Posted on the 8th July 2024

In the days since the election, I have been touring TV and radio studios making the case for proportional representation and talking about how First Past the Post is failing millions of voters. The fact we have just witnessed the most disproportional general election on record has thrown a spotlight onto our electoral system like never before.

One thing I have noticed about the debate surrounding electoral reform is that it often descends into a squabble over who’s up and who’s down. The arguments get reduced to purely which parties would benefit from which voting systems.

But that’s the wrong way of looking at it, the only people that the electoral system should be biased towards are the voting public. They are the most important part of any election, and the voting system needs to ensure their voice is heard as clearly as possible by ensuring parliament accurately represents how they voted.

ERS Chief Executive Darren Hughes on BBC Breakfast, Sunday 7th July

The most important people in any election are the voters

The distorting First Past the Post voting system is clearly not doing that. That was never more evident than last week, when we saw the Westminster voting system produce a Parliament unprecedentedly disproportional from how the public voted.

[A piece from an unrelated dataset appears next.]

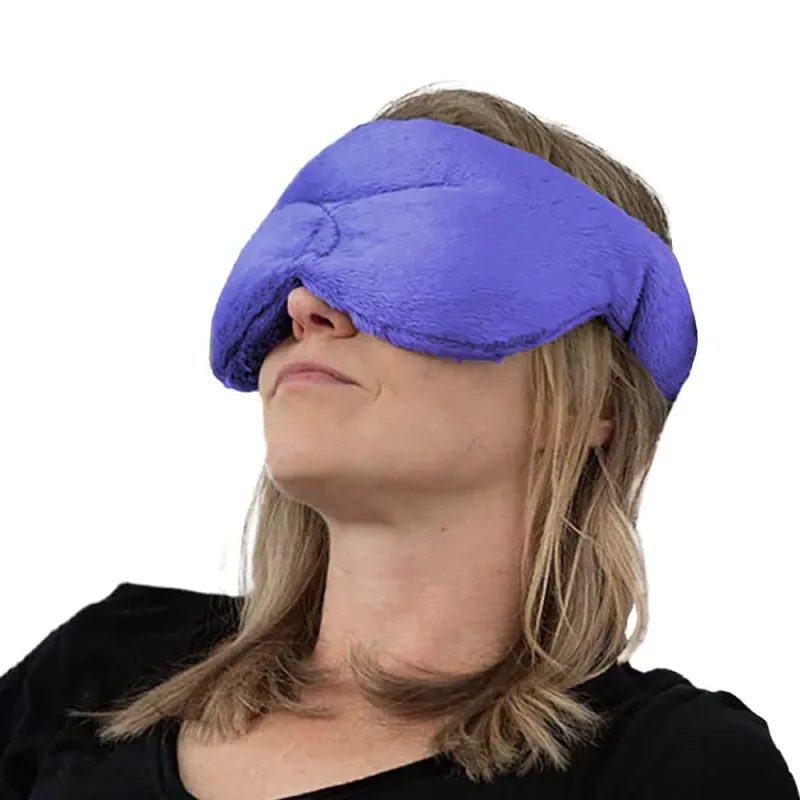 Herbal Concepts Aromatherapy Eye Shaped Microwaveable Wrap Made of Organic Flaxseed, Yarrow, & Hops for Eye | Sinus Mask Relieves Sinus & Headache | Available in Blue made by Zulily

For instance, we saw Labour win 63% of the seats in Parliament, 412 out of 650, on just 34% of the vote. Meanwhile, Reform and the Green Party combined won just over 20% of the vote share but received just over 1% of the seats, winning just 9 between them. To most people, that just won’t make any sense. Frankly, the voting system shouldn’t be this complicated: people should be able to vote for parties they support, and then Parliament should reflect how many votes those parties won.

ERS Chief Executive Darren Hughes on BBC Today Programme, Saturday 6th July

You shouldn’t choose an electoral system because you like the results 

We campaign for proportional representation at every election, as we think it’s just as unfair for Labour to get an unfair advantage as it is for the Conservatives. The thing with Westminster’s First Past the Post system is that it doesn’t care about the political background of the parties that it gives an advantage too, and the ones it punishes.

Choosing an electoral system because it would help your party at one point in time, is no guarantee that it will in the future. But an electoral system that gives a proportional outcome at this election, will give a proportional outcome at the next.

One of the reasons the voting system produced such a disproportional result last week is that the public are already voting as if we have a proportional voting system and this old system, which is designed for two parties, is buckling under the pressure.

The public are voting as if we already have PR

This was the first election ever, for example, where four parties received over 10% of the vote and five parties received over 5%. Meanwhile, this election saw the combined Labour and Conservative vote share slump to its lowest level on 57.4%. The second lowest combined vote share for the two parties was in 2010 when they received 65.1%.

We have known that the voting system has been failing for a long time. The last three general elections have seen a winning majority gained on just 36.9% of the vote in 2015, a minority government on 42.4% of the vote in 2017 and then an 80-seat majority achieved on a vote share increase of just 1.3% in 2019.

But now it feels as if the outdated First Past the Post voting system is creaking and failing voters on a massive scale. This has only strengthened the argument the ERS has long made: that it’s time to scrap this broken Westminster system and move to a fairer proportional voting system that accurately reflect how the whole country voted.